22/06/2012

L’incertitude égyptienne

En Egypte, les élections présidentielles ont eu lieu mais le vainqueur n’est toujours pas connu, alors que le président déchu Hosni Moubarak se trouverait entre la vie et la mort. Selon une source judiciaire, après le décompte des votes, Mohamed Morsi a obtenu la victoire : en effet, le candidat de Frères musulmans battrait Ahmed Chafik, le dernier Premier ministre sous le régime de Hosni Moubarak, en gagnant environ 52% des votes contre 48% de son rival.

Mais le résultat est incertain puisque d’autres sources ont proclamé Chafik comme le vainqueur des élections. En attendant l’officialisation des résultats, au moment l’avenir de l’Egypte est incertain comme en témoigne les récents événements qui ont eu lieu dans le Pays, où les gens ont protesté contre la dissolution du Parlement et contre les modifications à la constitution transitoire introduites par la junte militaire, qui réservent aux généraux de l’armée égyptienne un ensemble de prérogatives. En effet, la junte militaire a approuvé une série d’amendements à la constitution, en vigueur depuis mars 2011, pour se protéger du transfert imminent de certains pouvoirs vers le président élu : une action que beaucoup d’ analystes ont défini comme un coup d’Etat constitutionnel, qui introduit la loi martiale et qui assigne au conseil suprême des forces armées le pouvoir législatif, le contrôle sur les lois budgétaires, la défense, la sécurité intérieure et le pouvoir de veto sur la nouvelle constitution.

L’incertitude et la confusion du peuple égyptien sont mélangées avec les dernières nouvelles sur Moubarak. L’état de santé de l’ancien président égyptien s’est aggravée au cours de la semaine dernière : après avoir été transféré d’urgence de la prison à l’hôpital militaire à la suite d’une crise cardiaque, des sources ont annoncé qu’il était cliniquement mort, mais d’autres, comme la chaîne de télévision al-Jazira, ont démenti ultérieurement cette affirmation, ajoutant que son état de santé s’était seulement détériorée.

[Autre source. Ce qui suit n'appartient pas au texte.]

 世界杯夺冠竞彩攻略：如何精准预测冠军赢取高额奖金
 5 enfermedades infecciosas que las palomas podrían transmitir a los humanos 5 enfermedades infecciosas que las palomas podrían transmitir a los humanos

Les rumeurs de la mort de Moubarak sont symptomatiques de la confusion dans laquelle le pays égyptien se trouve, au milieu d’une impasse institutionnelle provoquée par la lutte entre les Frères musulmans et l’armée. En outre, les résultats des élections auraient dû être officiellement annoncés hier (jeudi 21 Juin), mais le peuple égyptien devra encore attendre, l’annonce ayant été repoussée sine die. La Commission Électorale, en effet, a annoncé qu’il faudra plus de temps pour examiner les recours déposés par les deux parties en conflit. Selon les Frères musulmans, en cas de victoire de leur candidat, l’armée serait prête à faire un réel coup d’État. Dans ce cas la « Révolution du Nil » du 2011 n’aura été que « beaucoup de bruit pour rien ». Les conditions pour qu’un tel scénario se réalise sont réelles et le peuple égyptien, quant à lui, reste tiraillé entre le désir de célébrer une nouvelle vie politique « normale » et la crainte de retourner se battre.